Another pillar of ROM is the use of expected treatment response graphs (ETR) that predict likely progress of treatment over time. The ETR models ROM generate are proprietary—the systems themselves are commercial. Wampold et al point out that these ETR curves (as currently constructed) do not represent the expected trajectories of cases that actually recover, but rather the average expected progress based on all clinical cases with similar baseline scores.
In the OQ System, for instance, cases that are similar to the average patient are considered “On Track” when they are really only “On Track” for an average treatment response, but not for a satisfactory recovery, which might require far more improvement.
ROM systems are often used to identify top performing or expert therapists: therapists with larger client changes are assumed to have greater expertise. Some clinicians actually use their performance data to market their services. The problem is, as we have noted, that observed client change of statistical significance do not always indicate interventions that were clinically significant. That some experienced therapists might receive a high number of referrals of difficult cases, while less effective therapists might see a high proportion of clients that recover naturally, is not a discrimination these systems can make accurately at this time.
The implication for clinicians is that they should exercise caution in using any ROM system.

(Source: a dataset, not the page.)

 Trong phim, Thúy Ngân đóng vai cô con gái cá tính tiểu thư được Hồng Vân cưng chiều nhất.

For clinician’s using ROM systems our advice is as follows:
–The important data points in a ROM system is the patient’s score and the trajectory of change. The clinician should take these two things into consideration together with all other information and ask the question, is the patient benefiting from treatment and is there something to do to enhance the benefit.

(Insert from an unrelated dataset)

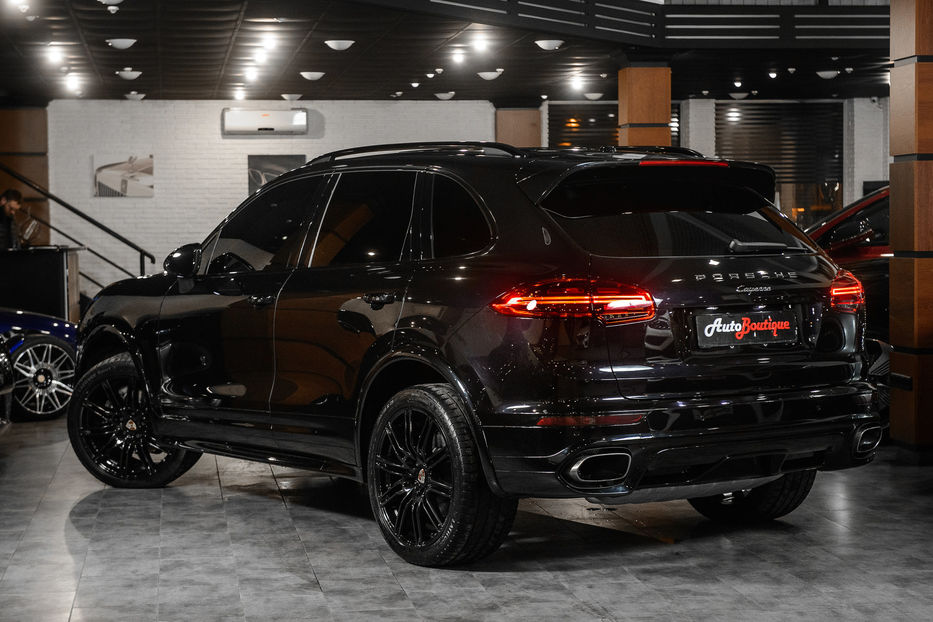 Продам Porsche Cayenne 2015 года в Одессе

–Cases where there is significant deterioration deserve close clinical scrutiny in view of the evidence that deterioration is a ROM systems’ most robust clinical signal.
–Clinicians should be skeptical of efforts to benchmark clinician performance.
Despite these caveats, ROM systems have the potential to improve the effectiveness of psychological treatments. We will discuss what CarePaths and others are doing to improve ROM systems in a subsequent blog post.
*ROM Systems in use in the USA. Each system is proprietary.
OQ System –Developed by Lambert and Burlingame
PCOMS—Developed by Miller and Duncan
ACORN—Developed by Brown and colleagues
BHM—Developed by Kopta and colleagues
STIC—Developed by Pinsof and colleagues
TOP—Developed by Kraus and colleagues
Each of these systems uses clinical cut-off scores with the exception of TOP. Each uses clinical significance with the exception of STIC and TOP. And each uses expected treatment response (ETR) except BHM, STIC and TOP.